Growing up in a household filled with country and Irish music, Ryan’s style is, at best, described as eclectic. Rich soulful folk and country influences mesh with a bluegrass styling known with her band Flower Hill, to a more accessible pop rock finish.
“I definitely can’t be pinned down when it comes to a specific genre,” Ryan says in a sitdown with The Herald. “I guess I had a broad exposure to different genres when I was growing up.”
The makeup of Wreckhouse contains songs written in the past six years – some even older. Though it was the loss of her father two years ago that permeates the album.
Ryan’s father Jim passed away at the age of 78. A long-planned trip to Labrador, which Sherry herself had the opportunity to take after his passing, was the backdrop for the emotional and touching I Made It On My Own.
“We talked about going together. A month after he passed away I ended up going to Labrador,” Ryan said. “I think I was still in shock. I don’t think it had really sunk in.”
Stop the Trains
The standout cut Stop the Trains directly comes from her father’s early years as a train operator on the west coast.
“It was a story I often heard growing up,” Ryan recalls. “When Dad became a train operator he was stationed over on the west coast. He didn’t know about the wreckhouse winds. There was a fellow over there who would call in and let them know if it was too windy for the trains to go through. He was working at a very young age, and he gets this phone call, someone yelling ‘stop the trains!’ So, that was alarming because he was responsible. He had to phone another station in Bishop’s Falls and that’s when he found out that he had to stop the trains because they were too windy.
“One day I decided to write some of that information down and I put it away. When Dad got sick I took it out and started to write this song. He was really proud of that song. We made a music video shortly before he passed away. He was keeping it together, God love him. He got all the pensioners together and went down to the railway museum, and they were apart of this video I did with my bluegrass band Flower Hill. That was a great experience.”

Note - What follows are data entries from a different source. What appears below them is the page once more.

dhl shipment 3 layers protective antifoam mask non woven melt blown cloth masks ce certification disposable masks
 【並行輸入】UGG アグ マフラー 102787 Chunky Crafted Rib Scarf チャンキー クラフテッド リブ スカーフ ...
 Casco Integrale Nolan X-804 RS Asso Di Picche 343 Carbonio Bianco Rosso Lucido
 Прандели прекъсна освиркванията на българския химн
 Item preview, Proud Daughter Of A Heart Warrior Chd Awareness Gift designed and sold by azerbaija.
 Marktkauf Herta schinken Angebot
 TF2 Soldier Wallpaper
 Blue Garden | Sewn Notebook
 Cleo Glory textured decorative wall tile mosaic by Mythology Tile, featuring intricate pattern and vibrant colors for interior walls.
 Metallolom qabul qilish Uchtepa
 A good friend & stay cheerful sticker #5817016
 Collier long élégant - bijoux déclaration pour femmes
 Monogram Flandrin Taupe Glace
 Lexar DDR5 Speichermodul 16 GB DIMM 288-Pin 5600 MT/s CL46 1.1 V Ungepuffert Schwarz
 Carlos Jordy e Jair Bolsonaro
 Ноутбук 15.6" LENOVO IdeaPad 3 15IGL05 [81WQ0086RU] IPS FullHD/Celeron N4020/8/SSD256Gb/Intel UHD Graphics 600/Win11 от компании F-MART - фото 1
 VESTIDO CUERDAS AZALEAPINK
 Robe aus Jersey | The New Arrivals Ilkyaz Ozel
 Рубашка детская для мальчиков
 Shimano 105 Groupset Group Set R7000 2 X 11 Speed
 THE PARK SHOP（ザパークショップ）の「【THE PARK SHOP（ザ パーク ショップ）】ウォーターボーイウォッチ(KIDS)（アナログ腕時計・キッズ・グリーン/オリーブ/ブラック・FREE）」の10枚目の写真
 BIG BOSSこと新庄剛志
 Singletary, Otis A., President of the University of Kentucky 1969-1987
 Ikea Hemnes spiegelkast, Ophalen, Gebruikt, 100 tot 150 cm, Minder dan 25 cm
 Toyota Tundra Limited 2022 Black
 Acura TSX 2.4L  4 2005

Naturally, Wreckhouse features a who’s who of Newfoundland’s music scene. Ryan’s band includes multi-talented artists Brad Power, Dave Rowe, Brian Cherwick, Chris Donnelly, with guest musicians including Maria Cherwick on viola, Allan Ricketts on pedal steel and Andrea Monro and Andrew Laite on vocals. The album was produced by local great Don Ellis.
‘Quality & Sound’
“I feel like the songs are getting better in terms of how they are crafted,” Ryan says. “I feel like my songwriting is getting better and maybe my vocal performance is getting stronger, I hope. I feel like the performance of having that band play together, and having the album with Don, I feel like it’s just high quality. I think it’s taking things up a notch in terms of the quality and sound.”